Scratching the surface of AI slop

AI slop has been compared with spam; generative AI is present on almost everyone’s social media feed at some point. Accounts and pages might post hundreds (sometimes thousands) of generated images per day – imagine the flood of owls with Hogwarts acceptance letters bursting through Harry Potter’s home, except electronically and with the wrong number of eyes per owl.

Usually, AI slop is easy to spot if one pays attention to details. But the truth is that most people, when liking or sharing posts, well, don’t. Generated images appear right at first glance, but there’s almost always something that distinguishes the image from a real one. As one example, some generated AI images will look perfectly fine, but draw people with seven fingers on the same hand; other images are impossible in reality – such as a horse made out of bread – but are created simply to get likes.

AI slop works because people have become used to scrolling through their timelines without looking.

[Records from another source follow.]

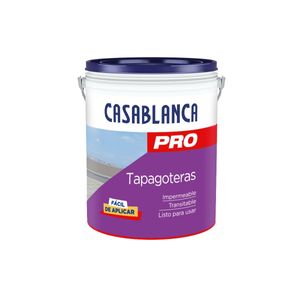 Impermeabilizante tapagoteras Pro incoloro 4 Lts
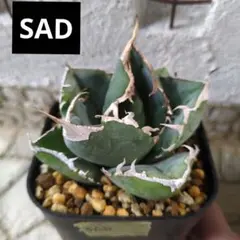 まるまる様 リクエスト 2点 まとめ商品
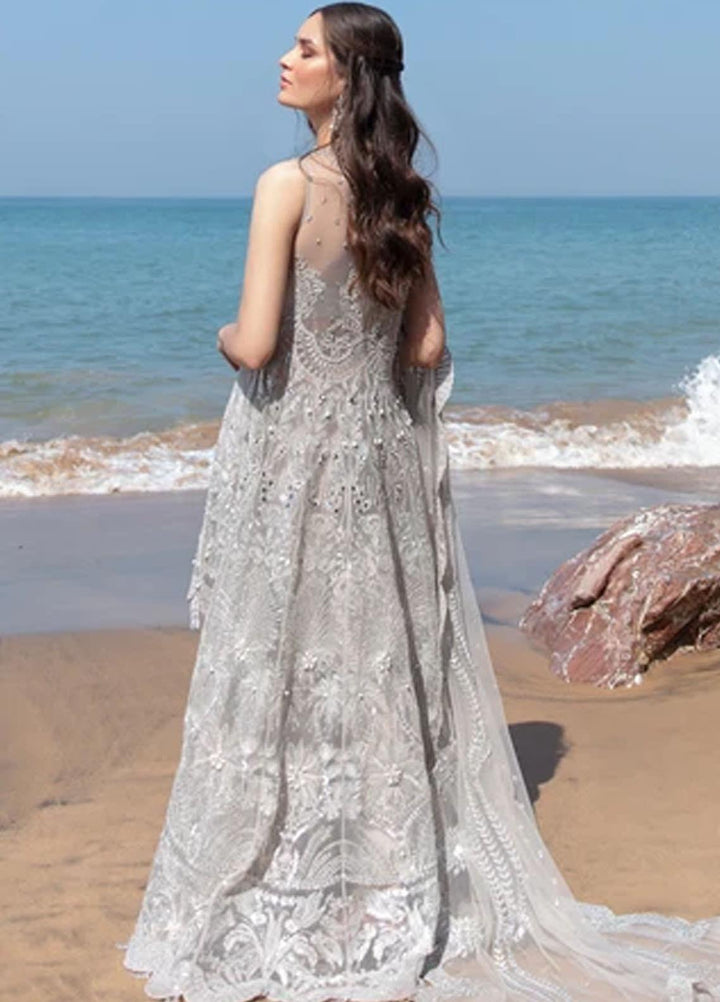 Amiraa by Reign Embroidered Net Suits Unstitched 3 Piece RGN21AM RN-04 ZENDAYA-B - Luxury Collection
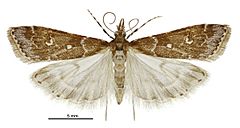 Eudonia quaestoria male.jpg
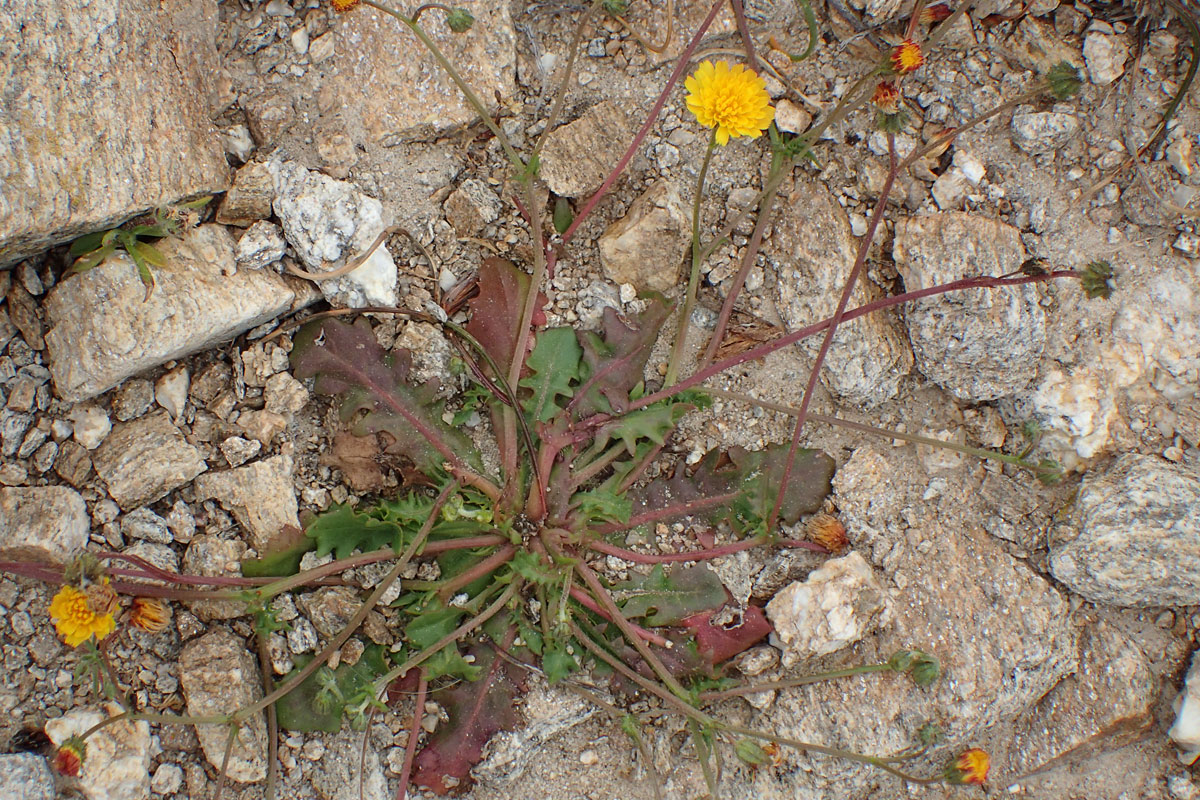 Image of Crepis neglecta ssp. graeca specimen.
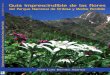 Guía imprescindible de las flores del Parque Nacional de Ordesa y Monte Perdido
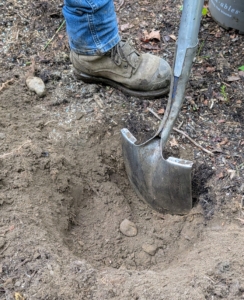 Each hole should always be twice as wide as the plant's root ball and several inches deeper than the original pot. This ensures that the roots have enough room to grow and spread properly.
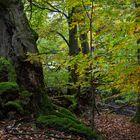 Waldmotive, hier: Herbst im Zauberwald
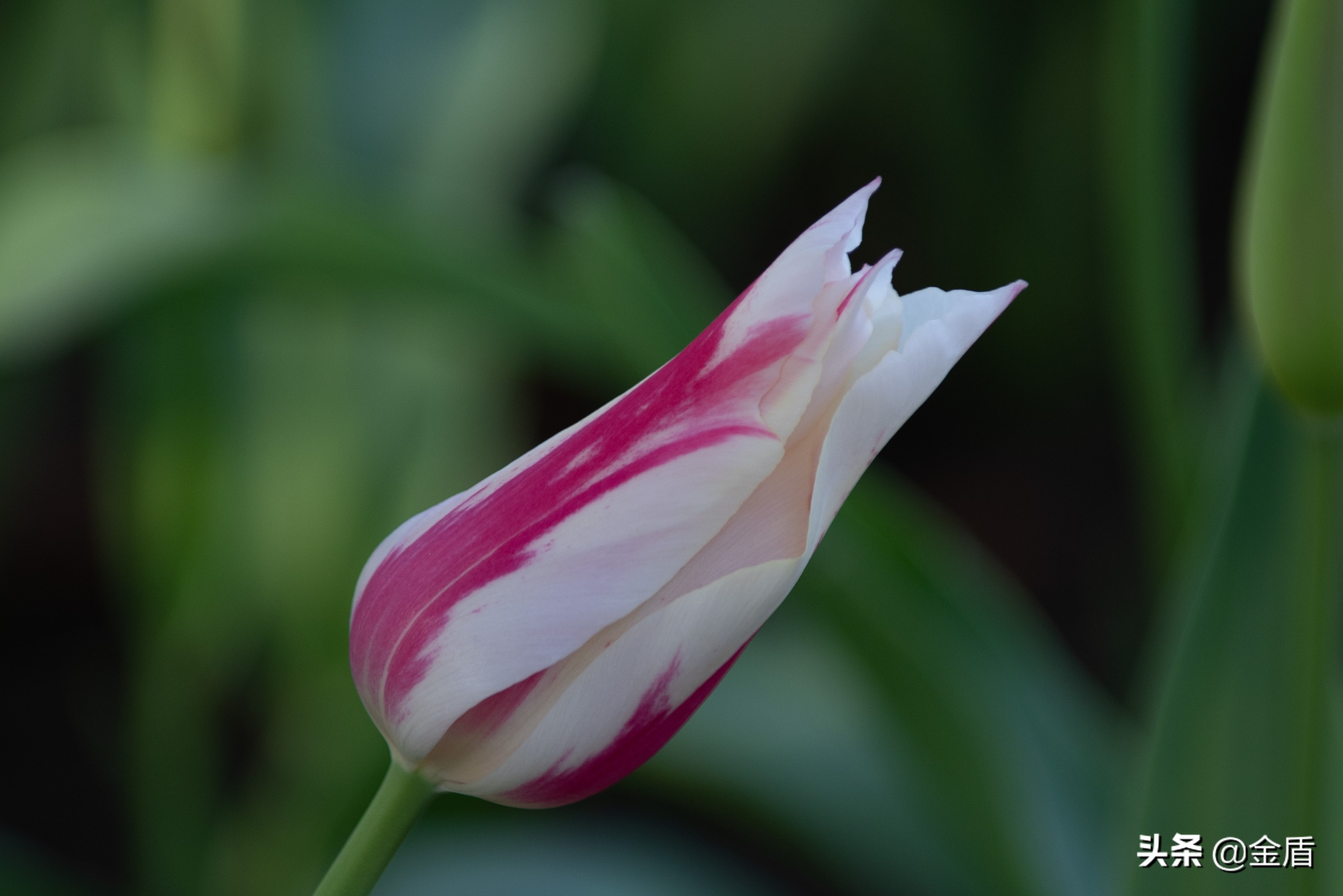 粉红皇后郁金香,花中皇后郁金香全集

Furthermore, AI slop can be particularly effective against anyone who isn’t internet-savvy – generated images of orphans or veterans can be an easy way for page creators to pull quick social media likes, or get scammed users to donate to a cause that was made up within five minutes.

If a user isn’t sure whether an image is generative AI, use reverse image search to look for any duplicates of the same picture online; usually, AI slop images tend to reappear over and over. Or the image’s details will fall apart once you’ve taken a closer look; visual “glitches” associated with generative AI can be simple, like a seven-fingered person, but may also be much more bizarre: look up the term “AI slop” on YouTube or Google Image Search, and you will soon find many things more bizarre than the average Escher drawing.

Monetising nothing

Like spam, AI slop is created to spread and is effortless to create. Generative AI has made it easy for anyone to create a monetised social media page which, for all practical purposes, posts absolute nonsense – and the more it spreads from one user to the next via likes and shares, the more revenue the page creator gets.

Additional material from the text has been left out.